16. How do I debug the tms320c3x series Frequently Asked Questions?
1) memory configuration of TMS320C32: The program memory of TMS320C32 can be configured as 16-bit or 32-bit, and the data memory can be configured as 8-bit, 16-bit, or 32-bit.
2) PLL control of TMS320VC33: the PLL control end of TMS320VC33 can only be connected to 1.8 V, not 3.3v or 5 V.

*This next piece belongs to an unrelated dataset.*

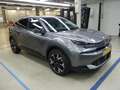Citroen C4 1.2 Hybrid 136 Max Verwacht !! | Navigatie | Adapt Grijs - thumbnail 4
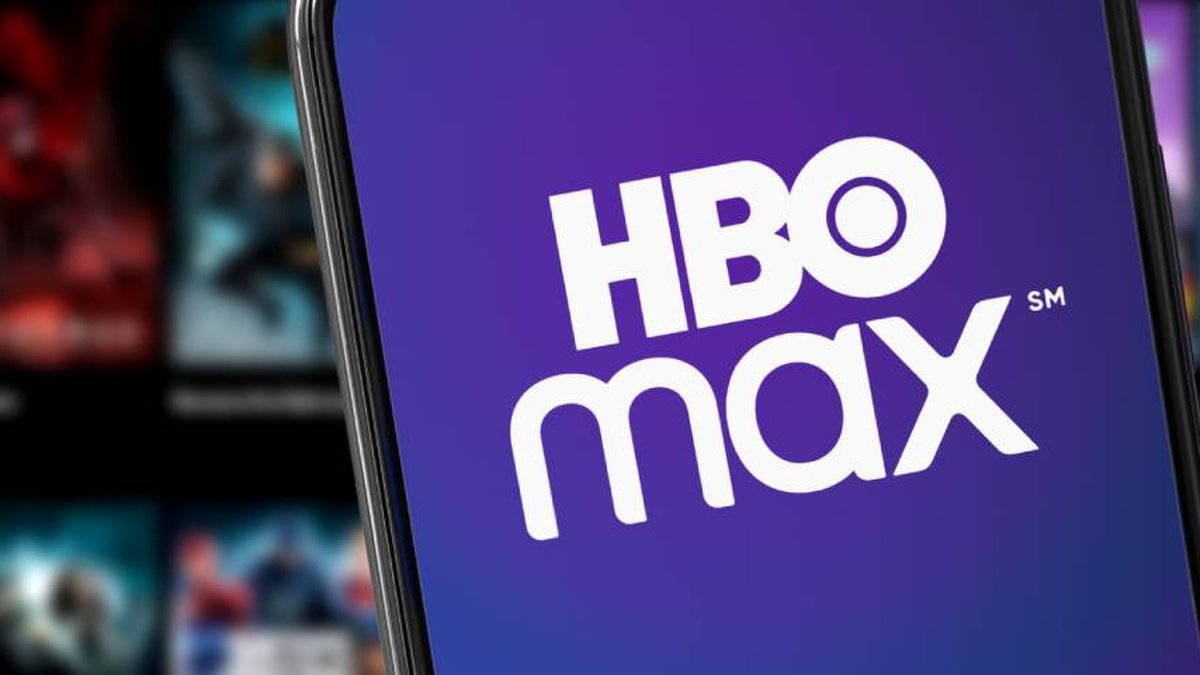 Hbo Max Vale a Pena.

17. How to debug multiple DSPs?
For DSP with mpsd simulation port (TMS320C30/C31/c32), one of the DSP can only be debugged at a time, instead of one set of simulators. For DSP with JTAG simulation port, you can concatenate JTAG and debug multiple DSPs simultaneously using a set of simulators. Each DSPs can be debugged in different windows with different names. Note: If you add a driver between the JTAG and DSP, you must use a Fast door circuit. You cannot use a slow door circuit such as LS.
18. Why is CPLD used in the DSP system?
The speed of DSP is fast, and the decoding speed must be fast. The small-scale logic device decoding method cannot meet the requirements of the DSP system. At the same time, the DSP system also often needs the cooperation of external fast components. These components are usually specialized circuits and can be implemented by Programmable devices. The CPLD has strict timing, fast speed, and good programmability. It is very suitable for decoding and specialized circuits.
19. What are common chips used by DSP Systems?
1) Power Supply: tps73hd3xx, tps7333, tps56100, pt64xx...
2) Flash: am29f400, am29lv400, sst39vf400...
3) SRAM: cy7c1021, cy7c1009, cy7c1049...
4) fif cy7c425, cy7c42x5...
5) dual port: cy7c136, cy7c1342, cy7c1342...
6) sbsram: cy7c1329, cy7c1339...
7) SDRAM: hy57v651620btc...
8) CPLD: cy37000 series, cy38000 series, cy39000 series...
9) PCI: pci2040, cy7c09449...
10) USB: an21xx, cy7c68xxx...
11) CODEC: tlv320aic23, tlv320aic10...
12) A/D, D/A: ads7805, tlv2543...
For more information, see www.ti.com and www.cypress.com.
20. What is boot loader?
The speed of DSP is as fast as possible, the speed of EPROM or flash is slow, and the ram in DSP is fast, and the off-chip RAM is also fast. In order for the DSP to make full use of its capabilities, the program code must be run in Ram. To facilitate code migration from Rom to ram, Ti fixed a program at the factory in DSP without flash, after power-on, code is moved from Rom or peripherals to the ram specified by the user. This program is called "Boot Loader ".